Intérpretes: Chloë Grace Moretz, Kodi Smit-McPhee, Elias Koetas, Richard Jenkins, Cara Buono.
Género: thriller fantástico. EE UU, 2010.
Duración: 116 minutos.
En el cine se han ocupado de su temible y patética existencia desde los directores más prestigiosos a los más cutres. Incluso en las épocas de mayor realismo, los vampiros nunca han dejado de estar de moda. Y se hacen muchas edulcoradas tonterías en su nombre. El éxito apabullante entre militantes góticos, adolescentes de múltiples pelajes y condiciones, incluido el pijerío romántico, de la saga Crepúsculo (solo he visto con infinita pereza la primera y la segunda aventura del Romeo dentudo y su incomprendida Julieta) o de la serie de televisión True blood (que seguí con relativo interés en su nacimiento, al venir firmada por Alan Ball, inventor de la magnífica A dos metros bajo tierra, pero de la que he desertado para siempre en su segunda e impresentable temporada), confirman que lo de ponerse ciego de sangre ajena sigue fascinando mayoritariamente.
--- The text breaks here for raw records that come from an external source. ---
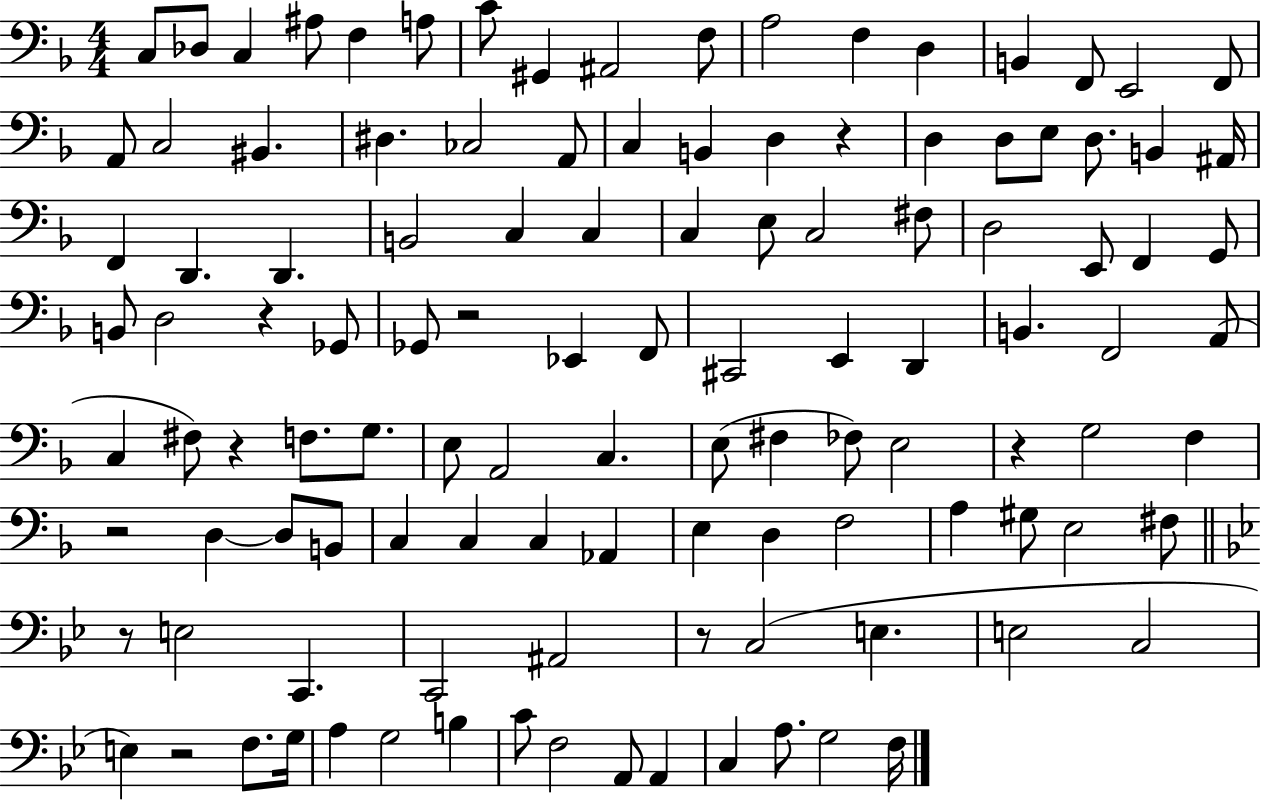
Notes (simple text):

C3/e Db3/e C3/q A#3/e F3/q A3/e C4/e G#2/q A#2/h F3/e A3/h F3/q D3/q B2/q F2/e E2/h F2/e A2/e C3/h BIS2/q. D#3/q. CES3/h A2/e C3/q B2/q D3/q R/q D3/q D3/e E3/e D3/e. B2/q A#2/s F2/q D2/q. D2/q. B2/h C3/q C3/q C3/q E3/e C3/h F#3/e D3/h E2/e F2/q G2/e B2/e D3/h R/q Gb2/e Gb2/e R/h Eb2/q F2/e C#2/h E2/q D2/q B2/q. F2/h A2/e C3/q F#3/e R/q F3/e. G3/e. E3/e A2/h C3/q. E3/e F#3/q FES3/e E3/h R/q G3/h F3/q R/h D3/q D3/e B2/e C3/q C3/q C3/q Ab2/q E3/q D3/q F3/h A3/q G#3/e E3/h F#3/e R/e E3/h C2/q. C2/h A#2/h R/e C3/h E3/q. E3/h C3/h E3/q R/h F3/e. G3/s A3/q G3/h B3/q C4/e F3/h A2/e A2/q C3/q A3/e. G3/h F3/s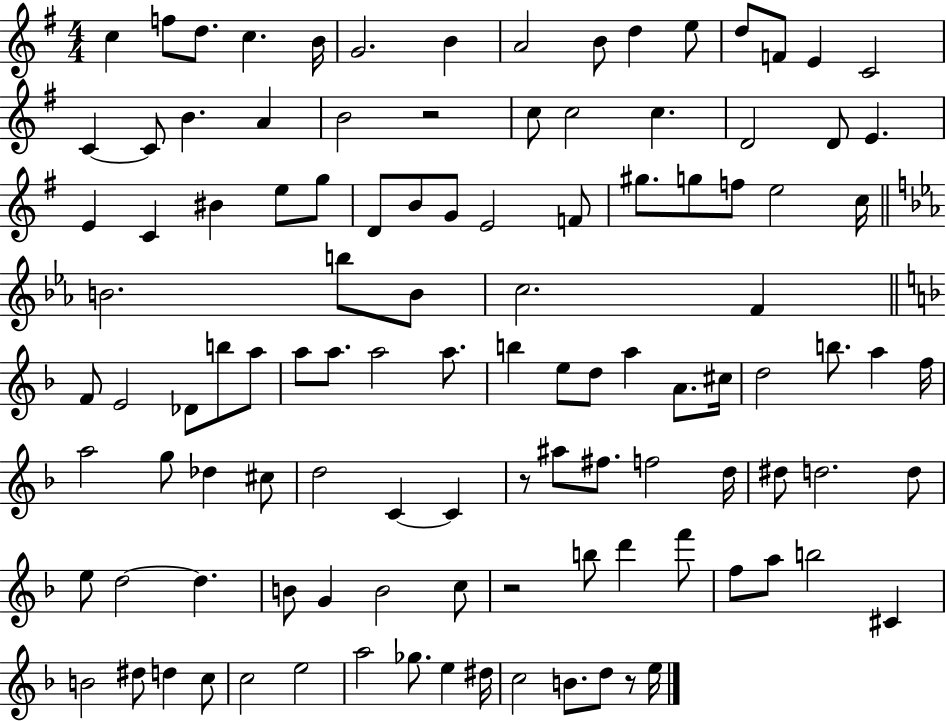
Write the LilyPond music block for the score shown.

{
  \clef treble
  \numericTimeSignature
  \time 4/4
  \key g \major
  c''4 f''8 d''8. c''4. b'16 | g'2. b'4 | a'2 b'8 d''4 e''8 | d''8 f'8 e'4 c'2 | \break c'4~~ c'8 b'4. a'4 | b'2 r2 | c''8 c''2 c''4. | d'2 d'8 e'4. | \break e'4 c'4 bis'4 e''8 g''8 | d'8 b'8 g'8 e'2 f'8 | gis''8. g''8 f''8 e''2 c''16 | \bar "||" \break \key ees \major b'2. b''8 b'8 | c''2. f'4 | \bar "||" \break \key d \minor f'8 e'2 des'8 b''8 a''8 | a''8 a''8. a''2 a''8. | b''4 e''8 d''8 a''4 a'8. cis''16 | d''2 b''8. a''4 f''16 | \break a''2 g''8 des''4 cis''8 | d''2 c'4~~ c'4 | r8 ais''8 fis''8. f''2 d''16 | dis''8 d''2. d''8 | \break e''8 d''2~~ d''4. | b'8 g'4 b'2 c''8 | r2 b''8 d'''4 f'''8 | f''8 a''8 b''2 cis'4 | \break b'2 dis''8 d''4 c''8 | c''2 e''2 | a''2 ges''8. e''4 dis''16 | c''2 b'8. d''8 r8 e''16 | \break \bar "|."
}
En género tan previsible y fórmula tan manida puede ocurrir a veces que aparezca auténtico lirismo, un tratamiento insólito, que haya niños solos, tristes y acorralados que solo pueden comunicarse y encontrar calor con otra desolada criatura, descubrir su monstruosidad genética y seguir amándola. Ocurrió con la desasosegante, alucinada, trágica y hermosa película sueca Déjame entrar, creadora de una atmósfera onírica y tono sombrío, transmisora de horror y de piedad, realizada con elementos mínimos. El eco que creó una producción condenada al malditismo fue minoritario, pero también duradero. Era imposible que ningún espectador quedara indiferente hacia la angustia de esos niños insomnes.
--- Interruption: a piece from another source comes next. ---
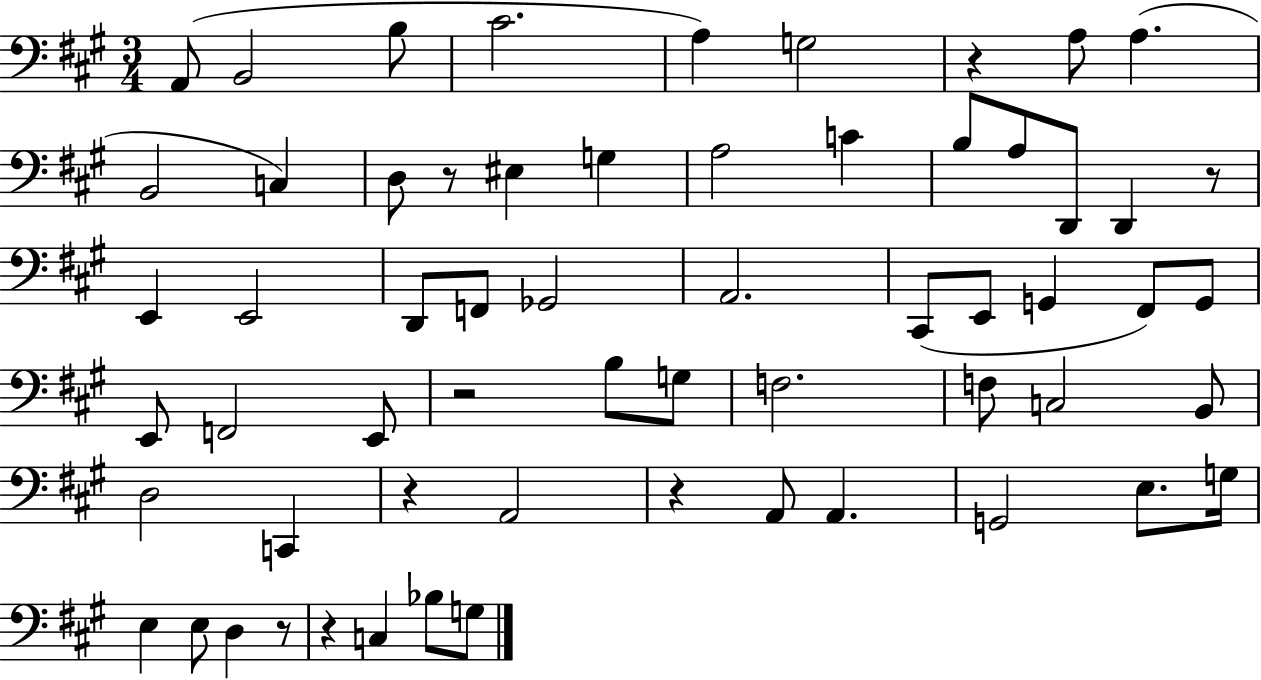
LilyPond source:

El cine americano ha hecho el remake de esa pesadilla sueca. Y siempre tienes prejuicios hacia los remakes, la lógica aconseja no readaptar lo que es inmejorable. Pero en este caso les ha salido muy bien. El director Matt Reeves inyecta vida propia a una historia que ya ha sido contada. No es el saqueo de un clásico pensando en la taquilla. Está hecha con respeto, talento y emoción. La historia de amor entre esos dos marginados resulta tan inquietante y conmovedora en un suburbio de las afueras de Estocolmo como en la América de Reagan.